Not a coordinate in sight! :) $$ \newcommand{\e}{\mathbf e} $$ A final proof: Cross products and dot products are both invariant under rotations, so if the equality holds for $\omega_0$ and $r_0$, it also holds for $\omega$ and $r$, where $\omega = R \omega_0$ and $r = R r_0$, and $R$ is some rotation.
Now to prove the theorem, let $R$ be a rotation that takes $e_3$ to $r$ and some vector $v$ in the $\e_1\e_3$ plane to $\omega$, say, $v = x\e_1 + z\e_3$. We'll show the theorem's true with $\e_3$ and $v$ playing the roles of $r$ and $\omega$, and be done.

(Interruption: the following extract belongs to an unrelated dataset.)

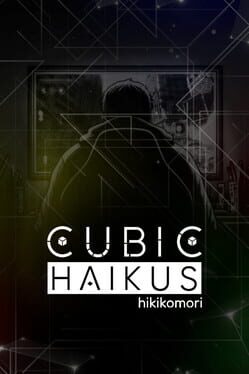 Cubic Haikus - hikikomori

In this case, $$ LHS = \e_3 \times ( (x \e_1 + z \e_3) \times \e_3) = \e_3 \times ( -x \e_2 ) = x \e_1 $$ while $$ RHS = 1 (x \e_1 + z \e_3) - (\e_3 \cdot (x \e_1 + z \e_3)) \e_3 = (x \e_1 + z \e_3) - (z) \e_3 = x \e_1, $$ and we see the two sides are equal.
$$\bar{w} \times \bar{r} = \det \begin{pmatrix} \bar{i} & \bar{j} & \bar{k} \\ w_1 & w_2 & w_3 \\ r_1 & r_2 & r_3 \end{pmatrix} = \bar{i} (w_2 r_3 - w_3 r_2) - \bar{j} (w_1 r_3 - w_3 r_1) + \bar{k} (w_1 r_2 - w_2 r_1)$$ Further calculate $\bar{r} \times (\bar{w} \times \bar{r})$ which will be: $$\det \begin{pmatrix} \bar{i} & \bar{j} & \bar{k} \\ r_1 & r_2 & r_3 \\ w_2 r_3-w_3 r_2 & w_3 r_1 - w_1 r_3 & w_1 r_2 - w_2 r_1 \end{pmatrix}$$ I will not further expand it. Let's now calculate RHS. It will be a vector with $i$-th coordinate being equal to $$w_i (r_1^2 + r_2^2+r_3^2) - r_i (w_1 r_1 + w_2 r_2 + w_3 r_3)$$ Which is exactly the same as $i$-th coordinate in the vector that we got above (if you expand determinant).